BEGIN Information shown

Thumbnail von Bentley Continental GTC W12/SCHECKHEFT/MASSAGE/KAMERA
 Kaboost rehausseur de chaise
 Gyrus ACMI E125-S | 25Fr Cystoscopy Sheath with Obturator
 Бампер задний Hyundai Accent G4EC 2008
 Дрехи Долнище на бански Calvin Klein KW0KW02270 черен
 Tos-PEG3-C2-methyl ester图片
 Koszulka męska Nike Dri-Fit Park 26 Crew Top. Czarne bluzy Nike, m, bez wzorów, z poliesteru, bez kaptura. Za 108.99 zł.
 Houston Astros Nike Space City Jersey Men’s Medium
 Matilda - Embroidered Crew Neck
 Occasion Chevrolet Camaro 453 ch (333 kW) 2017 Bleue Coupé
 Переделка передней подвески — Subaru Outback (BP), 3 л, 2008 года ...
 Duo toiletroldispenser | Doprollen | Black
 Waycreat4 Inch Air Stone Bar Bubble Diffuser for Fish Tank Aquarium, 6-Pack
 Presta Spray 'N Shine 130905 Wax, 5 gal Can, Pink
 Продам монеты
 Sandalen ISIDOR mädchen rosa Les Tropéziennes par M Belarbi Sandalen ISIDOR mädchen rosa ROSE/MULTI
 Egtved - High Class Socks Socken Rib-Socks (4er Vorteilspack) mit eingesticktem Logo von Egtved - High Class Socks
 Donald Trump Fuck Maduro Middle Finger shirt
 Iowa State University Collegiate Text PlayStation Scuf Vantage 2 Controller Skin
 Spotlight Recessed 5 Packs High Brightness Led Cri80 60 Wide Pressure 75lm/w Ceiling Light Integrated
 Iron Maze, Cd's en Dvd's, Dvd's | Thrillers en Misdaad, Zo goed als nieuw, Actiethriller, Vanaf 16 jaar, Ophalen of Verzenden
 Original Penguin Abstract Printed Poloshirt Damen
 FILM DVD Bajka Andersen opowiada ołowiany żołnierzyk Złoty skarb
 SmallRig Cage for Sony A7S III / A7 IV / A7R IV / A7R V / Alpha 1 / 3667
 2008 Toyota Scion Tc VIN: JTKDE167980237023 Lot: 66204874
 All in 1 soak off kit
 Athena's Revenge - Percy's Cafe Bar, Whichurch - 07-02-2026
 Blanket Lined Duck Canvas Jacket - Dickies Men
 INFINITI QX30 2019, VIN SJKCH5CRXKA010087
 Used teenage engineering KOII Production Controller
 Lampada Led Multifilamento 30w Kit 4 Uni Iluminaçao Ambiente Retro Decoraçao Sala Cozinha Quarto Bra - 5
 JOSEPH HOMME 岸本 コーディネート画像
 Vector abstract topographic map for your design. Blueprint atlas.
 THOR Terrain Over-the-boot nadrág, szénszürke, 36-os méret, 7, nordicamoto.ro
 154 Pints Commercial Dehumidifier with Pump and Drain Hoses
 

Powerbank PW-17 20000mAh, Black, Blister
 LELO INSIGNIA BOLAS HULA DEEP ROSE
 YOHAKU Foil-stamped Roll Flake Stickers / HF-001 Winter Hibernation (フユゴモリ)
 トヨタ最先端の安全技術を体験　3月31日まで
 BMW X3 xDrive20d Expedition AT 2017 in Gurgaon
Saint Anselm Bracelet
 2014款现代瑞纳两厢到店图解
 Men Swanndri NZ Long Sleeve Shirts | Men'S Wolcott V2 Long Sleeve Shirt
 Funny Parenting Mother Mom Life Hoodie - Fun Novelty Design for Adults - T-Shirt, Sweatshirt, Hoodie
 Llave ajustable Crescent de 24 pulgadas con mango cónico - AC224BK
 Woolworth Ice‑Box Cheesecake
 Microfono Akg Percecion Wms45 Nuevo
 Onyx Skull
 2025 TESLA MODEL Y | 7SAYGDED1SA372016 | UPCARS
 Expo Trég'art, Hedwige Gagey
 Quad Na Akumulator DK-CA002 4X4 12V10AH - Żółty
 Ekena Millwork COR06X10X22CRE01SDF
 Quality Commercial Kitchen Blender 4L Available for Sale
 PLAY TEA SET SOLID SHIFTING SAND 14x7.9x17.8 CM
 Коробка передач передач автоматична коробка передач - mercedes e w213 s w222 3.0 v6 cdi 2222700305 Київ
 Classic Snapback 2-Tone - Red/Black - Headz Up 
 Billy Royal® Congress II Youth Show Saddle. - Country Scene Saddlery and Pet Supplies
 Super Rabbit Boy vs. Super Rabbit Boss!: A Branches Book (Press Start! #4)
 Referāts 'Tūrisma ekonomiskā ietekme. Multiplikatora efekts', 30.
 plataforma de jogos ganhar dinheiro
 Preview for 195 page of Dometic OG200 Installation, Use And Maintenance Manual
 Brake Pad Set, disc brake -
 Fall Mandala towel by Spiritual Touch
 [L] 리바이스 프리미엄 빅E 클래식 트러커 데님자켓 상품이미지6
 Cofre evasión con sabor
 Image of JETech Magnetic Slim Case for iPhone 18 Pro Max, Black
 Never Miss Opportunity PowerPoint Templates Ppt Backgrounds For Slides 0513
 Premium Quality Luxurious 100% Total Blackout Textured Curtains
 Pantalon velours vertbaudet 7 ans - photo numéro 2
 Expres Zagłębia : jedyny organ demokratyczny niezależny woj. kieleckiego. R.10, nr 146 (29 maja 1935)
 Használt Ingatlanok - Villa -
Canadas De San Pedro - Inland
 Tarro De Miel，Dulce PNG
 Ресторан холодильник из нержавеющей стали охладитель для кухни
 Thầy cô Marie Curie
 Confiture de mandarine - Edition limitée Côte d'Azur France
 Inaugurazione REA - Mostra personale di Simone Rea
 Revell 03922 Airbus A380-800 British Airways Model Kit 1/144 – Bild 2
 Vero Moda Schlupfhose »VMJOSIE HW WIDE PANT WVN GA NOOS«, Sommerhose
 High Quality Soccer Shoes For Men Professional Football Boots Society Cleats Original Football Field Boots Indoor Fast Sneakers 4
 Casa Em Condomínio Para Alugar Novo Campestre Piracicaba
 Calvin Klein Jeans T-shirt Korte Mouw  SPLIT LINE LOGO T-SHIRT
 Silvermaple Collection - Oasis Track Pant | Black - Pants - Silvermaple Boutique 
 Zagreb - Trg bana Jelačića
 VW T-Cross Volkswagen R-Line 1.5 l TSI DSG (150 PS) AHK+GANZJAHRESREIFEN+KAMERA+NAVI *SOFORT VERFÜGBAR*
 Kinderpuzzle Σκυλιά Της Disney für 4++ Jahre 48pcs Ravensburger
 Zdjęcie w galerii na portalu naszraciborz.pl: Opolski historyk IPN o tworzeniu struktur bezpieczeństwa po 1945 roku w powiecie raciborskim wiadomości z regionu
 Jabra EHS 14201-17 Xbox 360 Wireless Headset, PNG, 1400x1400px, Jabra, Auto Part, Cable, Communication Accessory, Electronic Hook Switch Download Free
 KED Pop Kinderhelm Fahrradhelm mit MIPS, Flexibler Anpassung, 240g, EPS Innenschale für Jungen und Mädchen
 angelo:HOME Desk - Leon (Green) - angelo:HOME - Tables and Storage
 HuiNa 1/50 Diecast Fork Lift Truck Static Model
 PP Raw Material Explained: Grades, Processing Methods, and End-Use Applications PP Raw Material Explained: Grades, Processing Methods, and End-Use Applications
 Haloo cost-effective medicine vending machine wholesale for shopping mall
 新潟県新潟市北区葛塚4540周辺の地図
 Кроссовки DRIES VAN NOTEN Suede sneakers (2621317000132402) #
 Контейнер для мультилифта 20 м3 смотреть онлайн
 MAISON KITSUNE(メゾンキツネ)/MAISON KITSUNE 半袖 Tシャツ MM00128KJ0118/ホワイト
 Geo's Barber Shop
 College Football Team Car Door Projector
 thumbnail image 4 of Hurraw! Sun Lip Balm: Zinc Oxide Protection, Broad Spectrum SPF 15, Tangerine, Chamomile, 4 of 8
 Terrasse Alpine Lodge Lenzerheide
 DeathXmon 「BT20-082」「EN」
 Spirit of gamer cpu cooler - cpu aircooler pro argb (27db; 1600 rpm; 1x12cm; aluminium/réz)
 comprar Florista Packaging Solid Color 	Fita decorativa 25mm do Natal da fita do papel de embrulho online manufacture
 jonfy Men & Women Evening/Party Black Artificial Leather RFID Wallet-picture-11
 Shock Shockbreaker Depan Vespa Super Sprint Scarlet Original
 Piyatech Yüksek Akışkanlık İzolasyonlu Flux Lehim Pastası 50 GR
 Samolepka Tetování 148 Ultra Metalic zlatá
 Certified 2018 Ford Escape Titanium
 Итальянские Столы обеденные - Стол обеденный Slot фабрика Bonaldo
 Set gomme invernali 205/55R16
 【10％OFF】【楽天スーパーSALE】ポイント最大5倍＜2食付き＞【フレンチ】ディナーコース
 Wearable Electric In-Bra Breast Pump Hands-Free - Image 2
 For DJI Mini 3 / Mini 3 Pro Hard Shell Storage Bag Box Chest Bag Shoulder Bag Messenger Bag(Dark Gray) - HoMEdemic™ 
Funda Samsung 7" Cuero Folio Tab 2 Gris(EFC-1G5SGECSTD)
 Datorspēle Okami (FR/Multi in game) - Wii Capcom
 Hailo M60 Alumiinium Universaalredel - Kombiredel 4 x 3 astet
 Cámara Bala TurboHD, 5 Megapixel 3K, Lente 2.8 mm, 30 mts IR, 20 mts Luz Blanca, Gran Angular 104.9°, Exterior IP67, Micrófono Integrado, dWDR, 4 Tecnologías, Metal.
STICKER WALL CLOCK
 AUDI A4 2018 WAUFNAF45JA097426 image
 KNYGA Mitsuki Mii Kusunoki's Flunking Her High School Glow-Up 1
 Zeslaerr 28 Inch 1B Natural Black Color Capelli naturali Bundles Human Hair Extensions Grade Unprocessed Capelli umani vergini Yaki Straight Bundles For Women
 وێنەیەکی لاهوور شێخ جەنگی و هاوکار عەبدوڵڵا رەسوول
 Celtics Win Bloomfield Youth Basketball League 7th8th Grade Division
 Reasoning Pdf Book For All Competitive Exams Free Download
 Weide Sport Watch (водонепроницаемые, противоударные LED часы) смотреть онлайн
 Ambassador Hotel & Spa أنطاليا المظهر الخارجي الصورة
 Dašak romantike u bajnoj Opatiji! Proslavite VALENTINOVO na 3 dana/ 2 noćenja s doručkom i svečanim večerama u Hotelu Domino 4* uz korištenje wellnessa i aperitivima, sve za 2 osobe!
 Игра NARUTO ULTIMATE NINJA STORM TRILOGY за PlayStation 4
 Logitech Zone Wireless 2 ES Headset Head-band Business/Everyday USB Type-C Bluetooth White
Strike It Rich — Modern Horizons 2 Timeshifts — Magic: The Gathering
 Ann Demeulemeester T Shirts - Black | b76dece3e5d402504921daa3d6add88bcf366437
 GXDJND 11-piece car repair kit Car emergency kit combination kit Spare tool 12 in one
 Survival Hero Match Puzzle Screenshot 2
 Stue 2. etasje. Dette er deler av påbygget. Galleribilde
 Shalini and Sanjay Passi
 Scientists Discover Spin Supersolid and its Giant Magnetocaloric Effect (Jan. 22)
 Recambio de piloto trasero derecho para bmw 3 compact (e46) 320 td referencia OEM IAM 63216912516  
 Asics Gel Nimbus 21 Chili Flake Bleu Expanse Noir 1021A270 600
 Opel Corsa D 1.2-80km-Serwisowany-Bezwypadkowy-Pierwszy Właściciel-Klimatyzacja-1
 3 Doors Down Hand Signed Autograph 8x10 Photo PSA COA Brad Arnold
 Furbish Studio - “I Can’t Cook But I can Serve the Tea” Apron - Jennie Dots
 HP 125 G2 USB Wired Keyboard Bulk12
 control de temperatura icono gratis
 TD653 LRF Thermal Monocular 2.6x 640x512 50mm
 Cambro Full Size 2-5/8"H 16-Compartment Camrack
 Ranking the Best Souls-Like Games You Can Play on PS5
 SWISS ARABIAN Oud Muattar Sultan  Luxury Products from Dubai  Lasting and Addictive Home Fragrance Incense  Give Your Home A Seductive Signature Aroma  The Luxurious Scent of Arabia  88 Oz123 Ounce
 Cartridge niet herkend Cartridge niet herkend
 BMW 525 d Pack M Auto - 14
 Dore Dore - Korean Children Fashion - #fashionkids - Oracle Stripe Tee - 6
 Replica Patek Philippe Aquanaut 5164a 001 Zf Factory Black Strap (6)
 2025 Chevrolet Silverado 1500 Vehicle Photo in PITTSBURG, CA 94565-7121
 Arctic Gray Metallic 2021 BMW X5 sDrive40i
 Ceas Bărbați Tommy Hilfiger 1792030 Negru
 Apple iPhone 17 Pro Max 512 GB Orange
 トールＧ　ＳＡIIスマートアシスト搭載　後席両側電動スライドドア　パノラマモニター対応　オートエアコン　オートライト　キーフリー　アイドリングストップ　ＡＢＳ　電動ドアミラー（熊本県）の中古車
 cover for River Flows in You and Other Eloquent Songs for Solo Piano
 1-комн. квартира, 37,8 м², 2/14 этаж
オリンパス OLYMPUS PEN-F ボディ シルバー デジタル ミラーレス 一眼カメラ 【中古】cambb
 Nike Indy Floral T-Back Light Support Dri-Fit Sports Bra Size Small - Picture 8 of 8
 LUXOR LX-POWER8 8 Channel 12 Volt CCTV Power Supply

END Information shown

● **Aim of the task**: Retrieve every line above holding the word "Color".

● **Output**:
 comprar Florista Packaging Solid Color 	Fita decorativa 25mm do Natal da fita do papel de embrulho online manufacture
 Zeslaerr 28 Inch 1B Natural Black Color Capelli naturali Bundles Human Hair Extensions Grade Unprocessed Capelli umani vergini Yaki Straight Bundles For Women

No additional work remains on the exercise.